Il y avait d'abord les marchands de bois qui achetaient les bois sur pied, les faisaiet exploiter puis les vendaient. 

Les "flotteurs" c'est à dire ceux qui assemblaient et conduisaient les trains de bois (les "draveurs" au Québec)

Les "pilotes", préposés aux manœuvres lors des passages délicats (pertuis, ponts)

Les "triqueurs" qui séparaient les bois flottés selon leurs marques. 

Bien que beaucoup moins dangereux que celui de "draveur", celui de flotteur n'était pas sans risques.  Un train de bois est bien plus difficile à diriger qu'un bateau, une gabarre, il faut de l'expérience.  En général un ou deux hommes munis de perches et de rames suffisaient tandis qu'un troisième (le pilote) se tenait à l'avant pour surveiller le tirant d'eau et donner des indications aux "flotteurs".

 

 

A partir de la seconde moitié du XIXème siècle, quelques trains de bois descendaient encore le Cher mais il semblerait qu'ils ne concernaient plus la Marine. 

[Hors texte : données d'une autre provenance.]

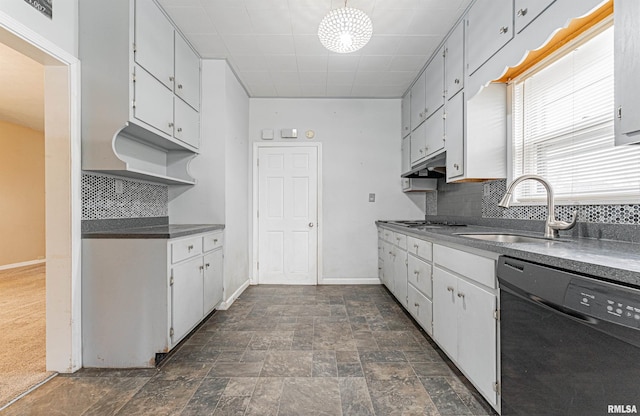 kitchen with tasteful backsplash, dark carpet, stainless steel gas cooktop, sink, and dishwasher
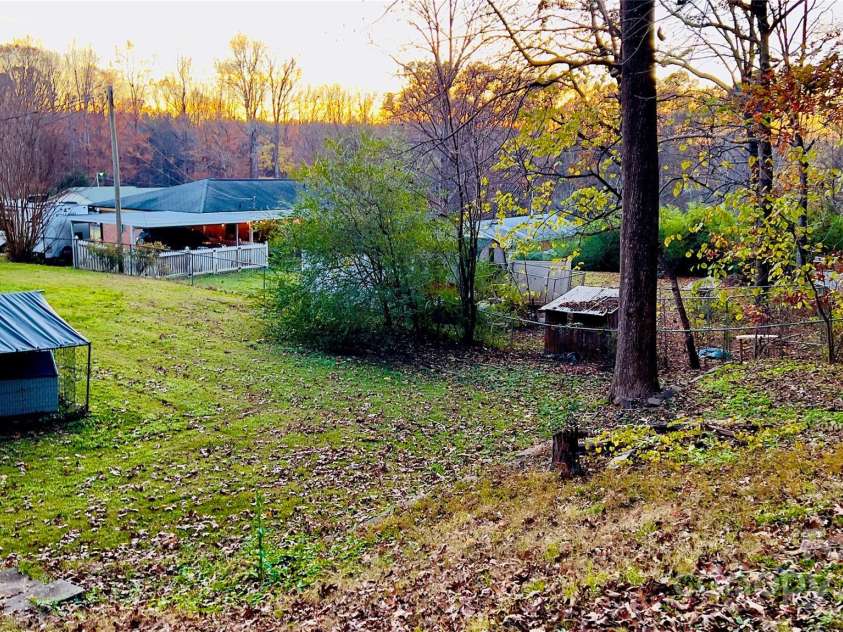 124 Riley Road, Dallas, NC 28034.  MLS# CAR4244655, YatesRealty ID 4753. Part of the almost 1/2 acre! Build up or out!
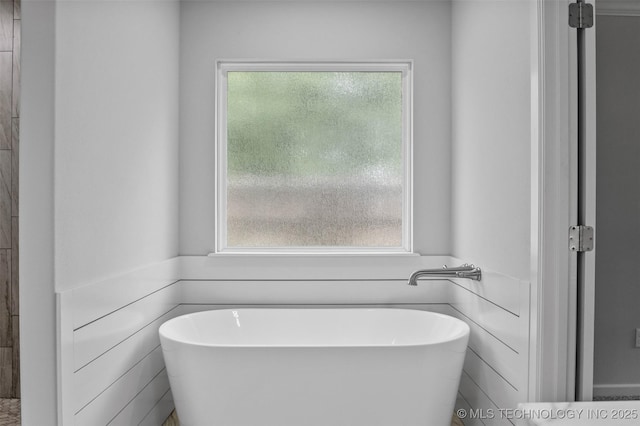 21893 S Arlene Dr, Claremore, OK 74019 - bathroom featuring a freestanding bath and plenty of natural light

Ils perdurèrent pourtant jusqu'au début du XXème siècle. 

 

L'auteure nous signale aussi qu'à la même époque et sur la même voie fluviale que les bois flottés, le sel de Guérande remontait la Loire depuis Nantes, puis le Cher pour être stocké dans des greniers à sel comme il en existait à Vierzon, Selles sur Cher, Montrichard, Bléré avant d'être distribué à la population.  

 

Voici donc pour le flottage sur le Cher et la place importante qu'il occupa.

 

 

                                        -oOo-

 

 

Cependant il n'égala jamais celui sur l'Yonne puis la Seine depuis les forêts du Morvan.  

La ville de Clamecy dans la Nièvre que traverse l'Yonne en fut le centre. 

De par son débit et sa direction, cette rivière prenant sa source au cœur du Morvan et ses forêts  ne pouvait que jouer un rôle capital pour l'approvisionnement de Paris tant en bois de chauffe qu'en celui de construction (et aussi en vin de Bourgogne).  Et ce depuis le Moyen Age jusqu'à l'avènement du chemin de fer. 

 

Pour la petite histoire, le 7 Juin 2015, un train de bois de 72 mètres de long reconstitué par une association de bénévoles est parti de Clamecy  pour Paris où il arriva au Port de Bercy le 5 juillet, guidé par des flotteurs et un pilote en tenue d'époque. Un évènement qui dépassa largement les limites du Morvan.